Os valores diários recolhidos pela ZERO revelam que “todos os dias foram superados os limites legais tanto para a média ponderada de 24h, o denominado Lden, cujo limite legal para zonas mistas (como é o caso em termos de classificação legal) é de 65 dBA, como para o período noturno, cujo limite legal para as mesmas zonas é de 55 dBA”. Nesta monitorização, a Associação chama a atenção para a escala de decibel que é logarítmica e a intensidade sonora duplica a cada 3 dBA: “Ou seja, estamos perante níveis de intensidade de ruído que são várias vezes superiores ao que a lei determina”.

Regime de restrição de voos noturnos continua a ser uma farsa

A ZERO monitorizou nos últimos dias o número de movimentos aéreos (aterragens e descolagens) ocorridos durante a noite no aeroporto, para aferir o cumprimento da Portaria 303-A/2004 de 22 de março. De acordo com legislação do ruído publicada em 2000, não deveria ocorrer qualquer movimento aéreo no aeroporto de Lisboa entre as 0 e as 6 horas, mas a referida Portaria de 2004, motivada na altura pela realização do Euro 2004, estabelece a possibilidade de voos nesse período mediante restrições, quer no tocante às aeronaves que podem operar em função das suas emissões sonoras, quer no número de voos ocorridos. Na semana iniciada a 11 de julho, a ZERO registou um total de “140 movimentos nesse horário”, o que corresponde a uma “flagrante violação da legislação, que estabelece um limite de 91 voos semanais”. Ou seja, “foram registados 49 voos acima do permitido (o mesmo tipo de violação ocorre se considerarmos outros períodos de sete dias neste mês de julho)”, reclama a Associação, alertando para o facto e “não ser só o limite que não está a ser cumprido”, como “está a ser largamente excedido em mais de 50%. Já no período entre as 23 e as 7 horas, a ZERO tem registado sistematicamente cerca de 70 movimentos por noite “Estamos, portanto, perante um atropelo gigante e inadmissível a um direito fundamental dos cidadãos, o direito ao descanso, com todas as consequências daí decorrentes em termos de distúrbios de sono e patologias associadas”, lê-se no comunicado.
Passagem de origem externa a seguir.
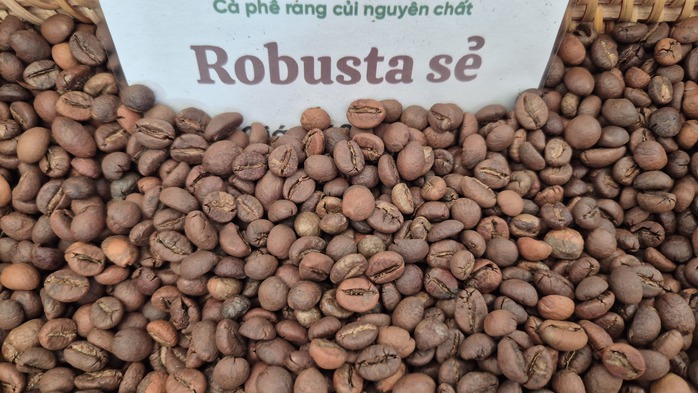 Gi&aacute; c&agrave; ph&ecirc; h&ocirc;m nay 16-2: Việt Nam l&agrave; thị trường cung cấp thứ 3 cho Trung Quốc - Ảnh 1.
Plano de Ação de ruído continua no papel

O corrente Plano de Ação do Ruído para o Aeroporto Humberto Delgado, elaborado apela ANA Aeroportos e aprovado pela Agência Portuguesa do Ambiente ao abrigo da legislação, foi disponibilizado apenas em 2021, mas diz respeito ao período 2018-2023. A ZERO faz ainda notar que este plano se baseia na “operação de 2016, com 182.148 movimentos anuais, sendo que em 2019 a operação já tinha crescido para 222.984 movimentos, i.e., 22,4% face a 2016, sendo que, nos últimos meses, a operação está praticamente ao nível dos meses homólogos de 2019, pré-pandemia”. Tal significa que “estamos perante um plano que já estava profundamente desatualizado quando entrou em vigor”, sustenta.
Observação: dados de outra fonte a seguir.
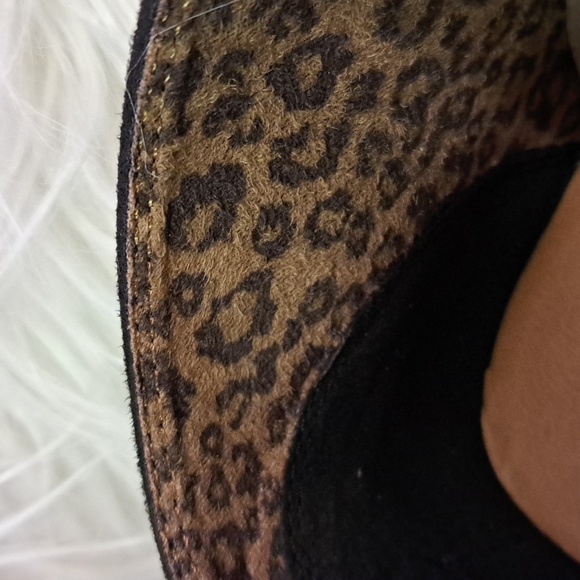 New Black Faux Suede Ankle Boot w Hidden Wedge - Picture 3 of 6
Neste plano, de acordo com a ZERO, prevê-se a “insonorização a partir de 2021 de vários edifícios de serviços”, incluindo públicos, nomeadamente hospitais e escolas, e de habitação, operação que ficaria a cargo da própria concessionária do aeroporto. Mas, no entender da Associação, “este plano é extremamente deficiente e ineficaz”, pois, para além da “obsolescência já apontada, prevê intervenções demasiado dilatadas no tempo e circunscritas geograficamente”, pautando-se por “critérios discricionários para as mesmas”, limitando-as às com “razoável custo associado”, não existindo critério objetivo e defensável para separar os edifícios intervencionados dos não intervencionados. A isto acresce que “não há qualquer indício” de que o plano esteja a ser executado: “não há obra executada, nem tão pouco foi disponibilizada a plataforma digital para os proprietários de imóveis afetados se candidatarem a financiamento no âmbito do Programa de Isolamento Acústico”, reitera a ZERO.

Face ao número crescente de queixas sobre o ruído provocado pelo tráfego aéreo, a ZERO passa a disponibilizar no seu site um formulário com vista a facilitar e agilizar o envio das reclamações para as entidades competentes.